Его взгляд был искренним и открытым, и она медленно кивнула:
– Я тоже. Не понимаю, что случилось.
– Ты расстроилась?
Этим вопросом он мучился уже четыре дня. Или же она испугалась? Он понимал, что испугался и сам, но не знал почему.
– Иногда расстраивалась, – она медленно улыбнулась, а затем вздохнула, – иногда нет. Я испугалась… мне было неловко… и…
Она посмотрела на него, ничего больше не говоря, и вновь он испытал всепоглощающее желание заключить ее в объятия, прикоснуться к ней, и еще большее желание – овладеть ею здесь же, прямо под этим деревом, под лучами осеннего солнца, прямо на этой траве. Он закрыл глаза, словно от боли. Сирина коснулась его руки.
– В чем дело, майор?
– Во всем. – Он медленно открыл глаза. – Не понимаю, что чувствую… что происходит. – Затем внезапно всем своим существом он понял, что не в силах больше бороться с охватившим его чувством. – Я люблю тебя. О Господи… – Он привлек ее к себе. – Я люблю тебя!
Когда его губы отыскали ее, она почувствовала, как в ней вспыхнуло желание, но и еще нечто гораздо большее. Ей захотелось стать его частью, чтобы обрести цельность. Случилось так, словно здесь, в родительском доме, в их старом саду, она нашла свое будущее, словно она принадлежала этому белокурому американскому майору с самого начала, словно он был рожден для нее.
– Я тоже люблю тебя… – Эти слова она произнесла шепотом и, произнося их, улыбалась, хотя в ее глазах стояли слезы.
– Ты пойдешь со мной?
Она понимала, что он имеет в виду, понимала, что он не хочет принуждать ее. Он хотел, чтобы она понимала, что делает, чтобы ей тоже хотелось этого.
Она медленно кивнула, повернув лицо к нему. Он торжественно взял ее за руку, и они пошли через сад. Сирина чувствовала себя так необычно… словно они только что поженились… Берешь ли ты его, этого мужчину?.. Да… Она чувствовала, как ее голос прозвучал из самых глубин души, когда они вместе поднялись по ступеням крыльца, когда он закрыл за ними дверь. Они неторопливо поднимались по лестнице, его рука лежала у нее на талии, они направлялись в спальню, принадлежавшую когда-то ее матери. Но когда она оказалась на пороге, ее внезапно охватила дрожь, глаза расширились от страха и воспоминаний.
– Я… я… не могу…
Она говорила едва слышным голосом, и он согласно кивнул. Если она не может, он не станет заставлять ее. Ему хотелось лишь держать ее в своих объятиях, чувствовать ее близость, прикасаться к ней, скользить губами по ее восхитительному телу.

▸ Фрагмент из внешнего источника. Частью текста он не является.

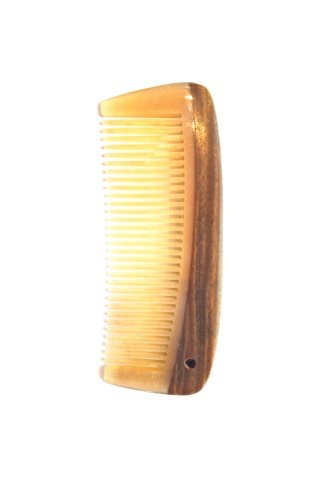 8100966 | Tan's Ox Horn Comb Teeth With Sandal Wood Handle Carry-on Comb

– Любимая моя… Я никогда не стану заставлять тебя… я люблю тебя…
Слова падали и запутывались в ее восхитительных волосах, в то время как его губы скользили по ее шее, груди. Губами он осторожно расстегнул темное хлопковое платье, страстно мечтая о каждой клеточке ее тела, вкушая ее, словно нектар, блуждая языком по ее нежной коже. Она начала тихонько постанывать.
– Я люблю тебя, Сирина… Я люблю тебя.
Это было правдой, он и любил, и желал ее с такой силой, с какой до этого момента не желал ни одной женщины. Забыв, что она сказала на пороге, подхватил ее на руки и уложил на кровать, начал медленно ее раздевать. Она не сопротивлялась, ее руки блуждали по его телу, поглаживая, задерживаясь, снова приходя в движение, пока он не ощутил такого мощного взрыва собственного желания, что больше не мог сдерживать себя.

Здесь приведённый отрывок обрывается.